Il professore Alessandro Guerricchio, geologo di chiara fama, già ordinario all’Università della Calabria, da anni grida a gran voce l’impossibilità di riconoscere le strutture magalitiche come opera della natura. Da geologo sa bene che i possenti blocchi di granito (peso stimato circe nelle 200 tonnellate), non possono essere frutto dell’erosione naturale, ma veri e propri dolmen e triliti preistorici, appositamente creati dall’uomo, probabilmente per finalità di culto.
Su di essi sono state ritrovate incisioni e graffiti scolpiti con scalpello che si rifanno proprio al codice di scrittura decifrato sulle tavolette di Tolone Azzariti. Il prof. Guerricchio, grazie all’ausilio di fotografie aeree e stereoscopiche, nonché grazie ai rilevamenti di carattere magnetometrico ha potuto affermare la tesi secondo cui il sito di interesse archeologico sarebbe ben più vasto di quello visibile ad occhio nudo, basterebbe solo che le autorità competenti, finalmente, si decidessero a dare una svolta significativa nella ricostruzione del Neolitico calabrese.

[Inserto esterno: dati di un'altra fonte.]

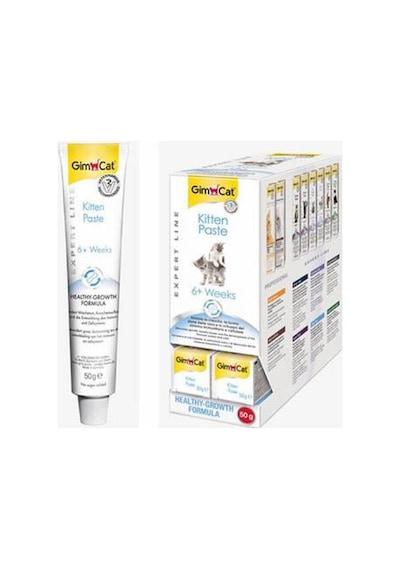 Northcity Kitten Paste Yavru Kedi Vitamin Macunu 50 Gr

Senza voler entrare in polemica con alcuno, nella consapevolezza che ciò non gioverebbe alla ricerca, va segnalato che la Sovrintendenza ai beni culturali venne informata immediatamente del ritrovamento già nel 2002, dal sig. Vincenzo Nadile, segnalazione che però rimase inascoltata. Solo dopo i primi rilievi eseguiti dal pool di studiosi guidato da Guericchio , la Sovrintendenza della Calabria inviò sul luogo un “controllore geologico” (e non anche un archeologo) che lapidariamente concluse che i megaliti di Nardo di Pace altro non sono che dei “Tor” frutto dell’erosione degli agenti atmosferici.

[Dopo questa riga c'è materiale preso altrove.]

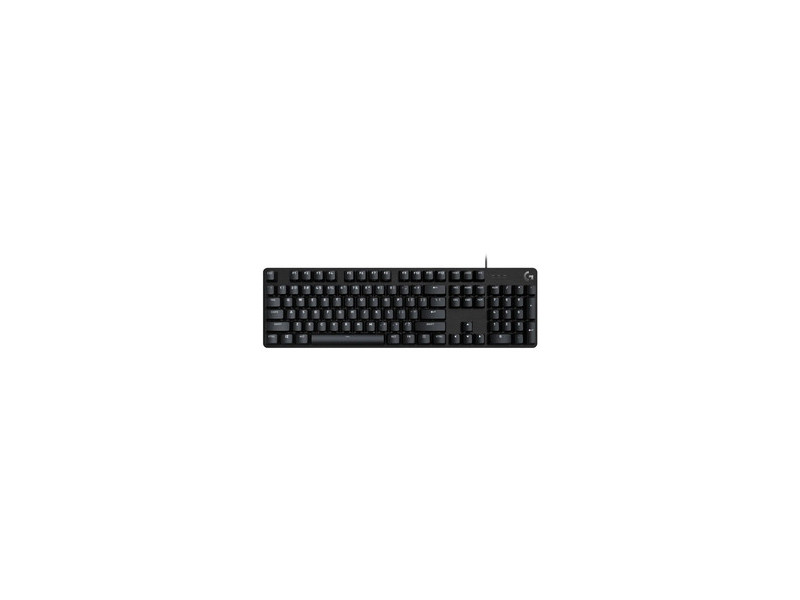 G G413 SE BLACK klávesnica LOGITECH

Spinti dalla curiosità ci siamo recati sui luoghi dove si ergono i megaliti, pronti a raccontare in maniera del tutto obiettiva, come appaiono queste strutture pronti a riconoscerle come strutture interamente naturali, ma non ci è stato possibile. Benché non possediamo competenze tecniche nel settore, la natura antropologica del sito appare chiara anche ad un “occhio profano” come il nostro. Impossibile credere che quei giganteschi blocchi di pietra ed i sentieri circolari, costruiti lungo tutto il versante delle colline sulle quali insistono i megaliti, non siano stati eretti dall’uomo, da una civiltà raffinata ed avanzata che ha abitato quei luoghi, che adottava già un nutrito “alfabeto” di segni, che sui megaliti sono ancora oggi visibili. Impossibile accettare che questa realtà rimanga dimenticata, sommersa tra i boschi che vi sono spontaneamente sorti intorno nel corso del tempo.
Non si può continuare a negare l’evidenza, le strutture sono la testimonianza del passaggio di una antica ed evoluta civiltà che non aspetta altro che essere studiata e riportata alla luce. Per questi motivi, continueremo a parlare dei siti pelasgici in Calabria, provando a raccontare questa realtà con la viva voce di tutti coloro, studiosi ed amatori, che hanno a cuore l’autentica storia della nostra civiltà.